The Obama administration may believe the threat is more imminent: President Obama raised North Korea with Mr. Trump during their first transition conversation, after which the president-elect sought a rare intelligence briefing. But it is unlikely Mr. Trump was told anything that would justify his pledge that an ICBM test will not happen. The United States lacks the capacity to shoot down such a missile at launch, and the system deployed in Alaska and California to destroy ICBMs in midcourse is unreliable at best. Attempting to preempt a rocket test would require military action that could trigger a devastating war.

Stopping Mr.
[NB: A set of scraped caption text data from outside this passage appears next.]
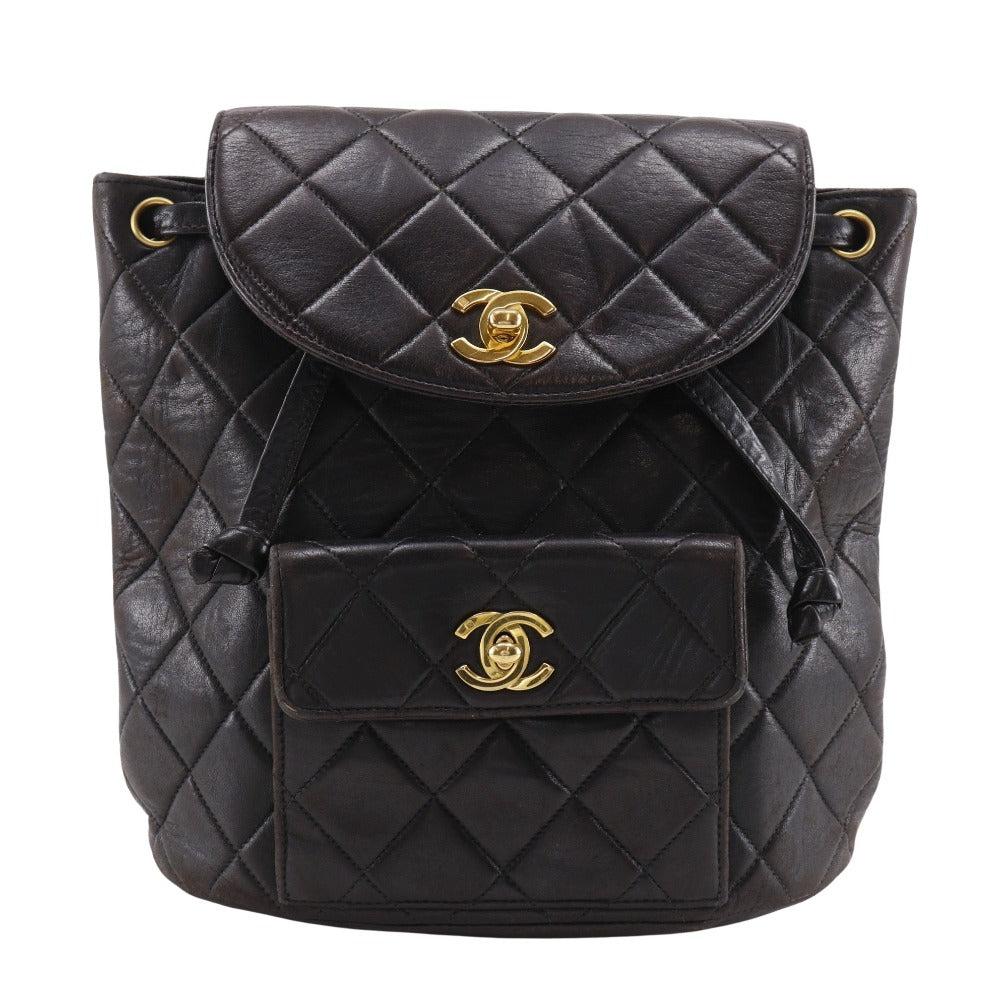 Chanel Matelasse Lambskin Backpack Backpack - Rovelle Bags
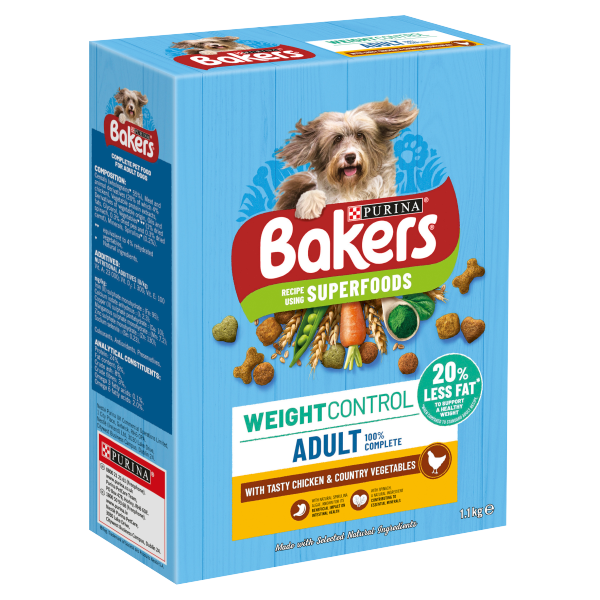 Bakers weight control hot sale dog food asda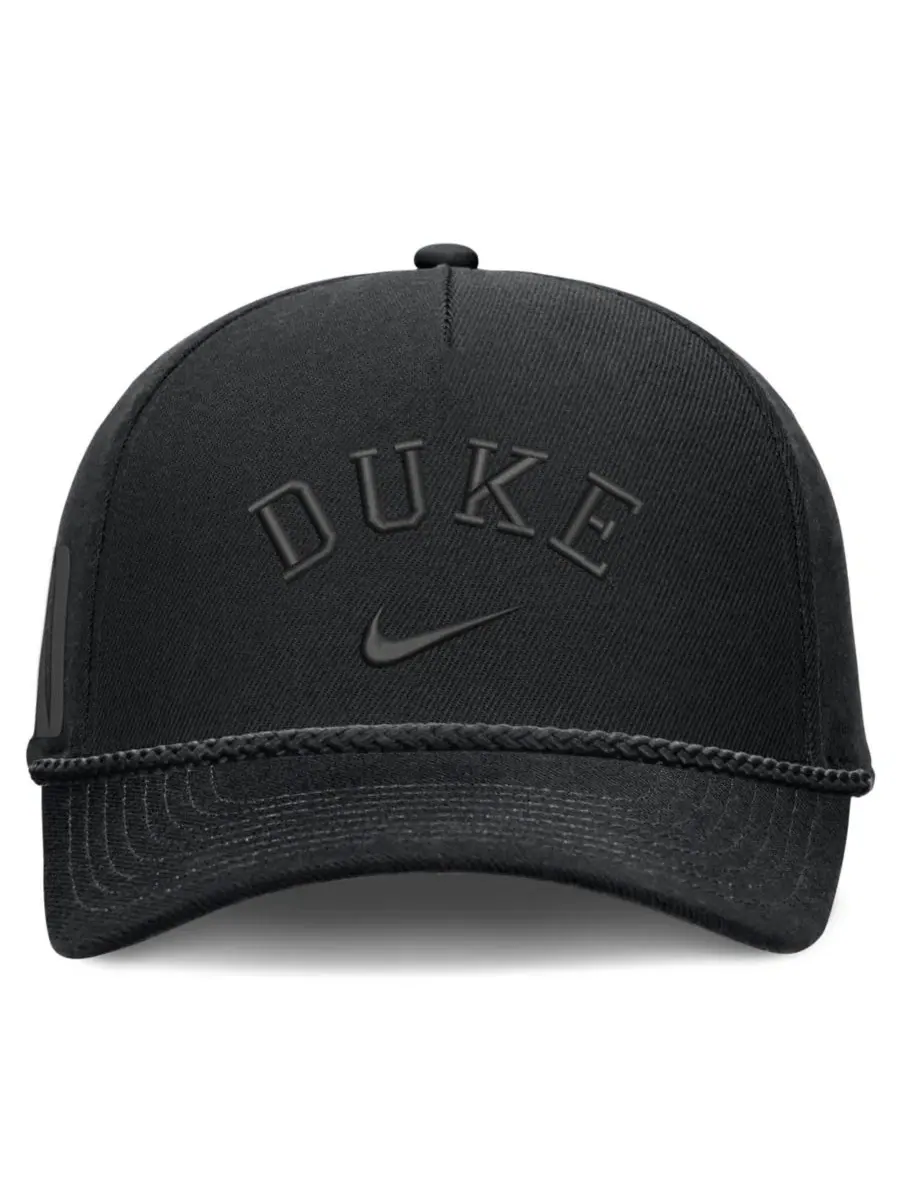Кепка Nike с принтом Duke Blue Devils — изображение 2 из 4, черный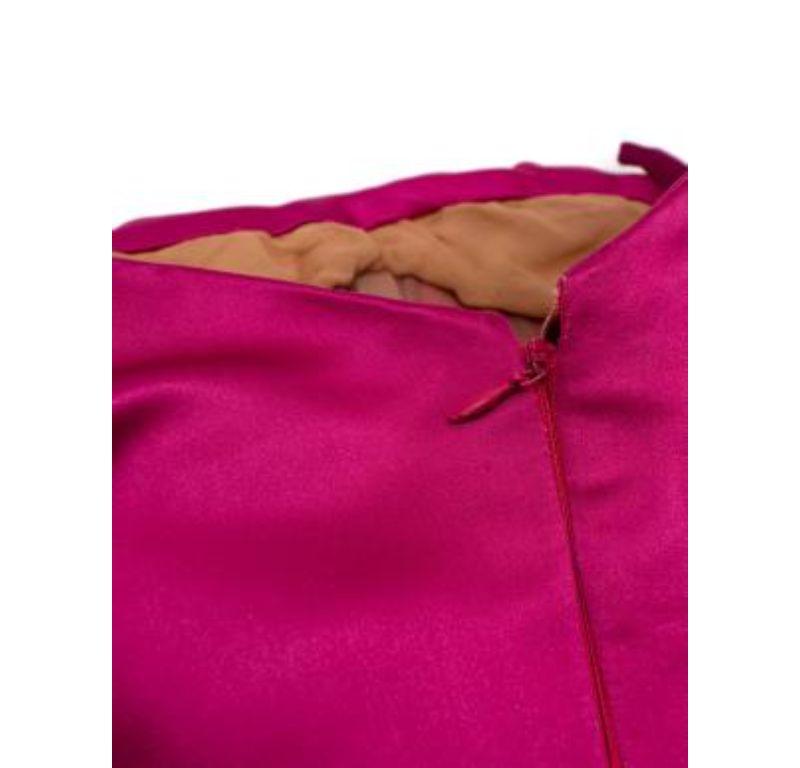 Versace Pink Silk Vintage Strapless Dress For Sale 1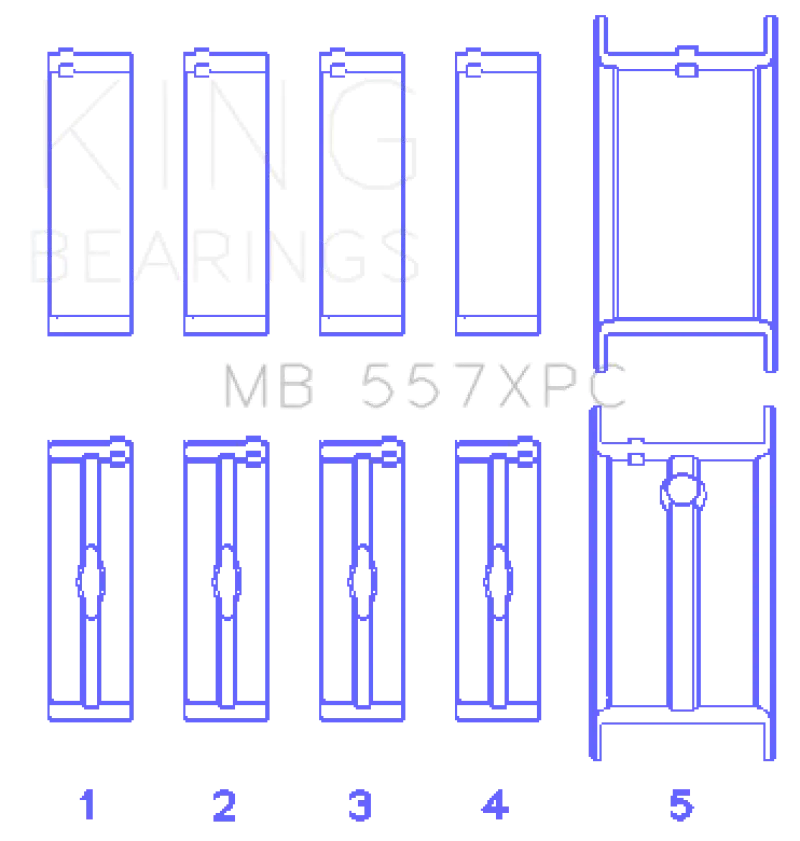 King Pmaxblack Coated Main Bearing Set For Gm Small Block V8 Engines (262–350 Cid) 1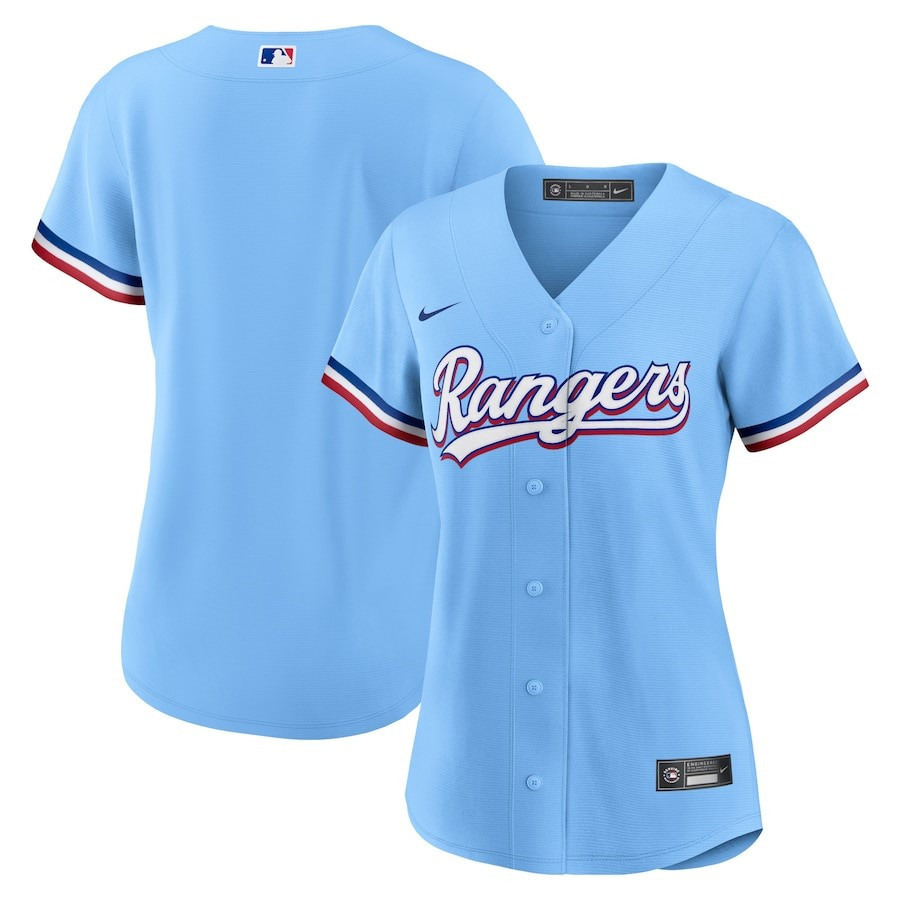 Texas Rangers Women's Alternate Team Jersey - Light Blue - JS536 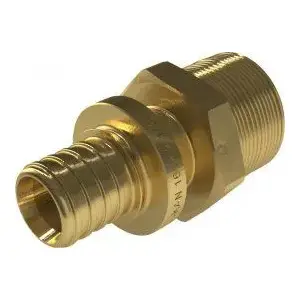 Нитевое переходное соединение KAN-therm Ultraline 20 GZ R1/2" — сантехническая латунная фитинг, модель 2509045002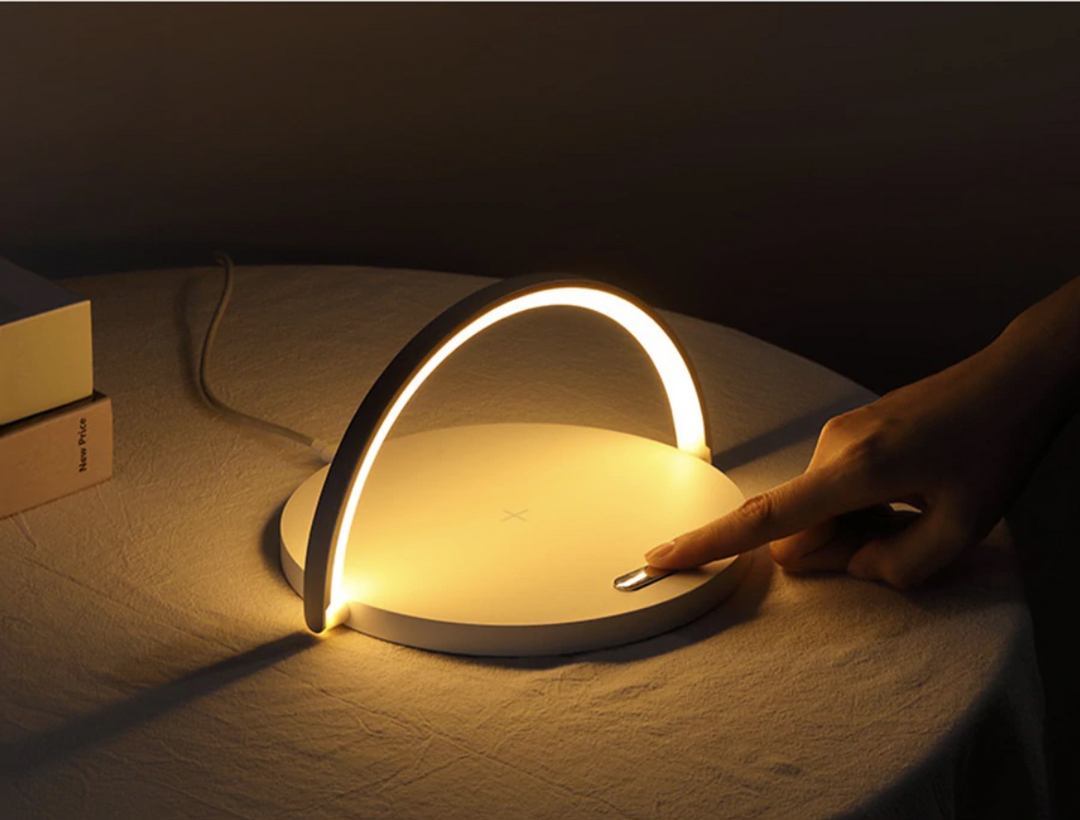 Bowlight Design™ - Stylish 3-in-1 Night Light with Qi Charger Bowlift
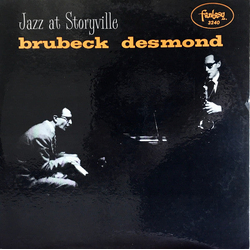 The Dave Brubeck Quartet Jazz At Storyville VINYL LP - Reissue Mono US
Kim consequently may require working with China, which supplies North Korea with most of its energy and food, or negotiating with the regime. Both strategies have been tried unsuccesfully by previous U.S. administrations. Mr. Trump may believe that his aggressive approach to China on a range of issues, including trade and U.S. relations with Taiwan, may ultimately provide leverage on North Korea. But inducing Beijing to bring serious pressure to bear on its neighbor will probably be possible only if the United States makes clear that it is prepared to use force to prevent a North Korean ICBM. Failing that, Mr. Trump may have little choice but to try the tactic he hinted at during the campaign: “Eating a hamburger on a conference table” with Mr. Kim and trying to strike a deal.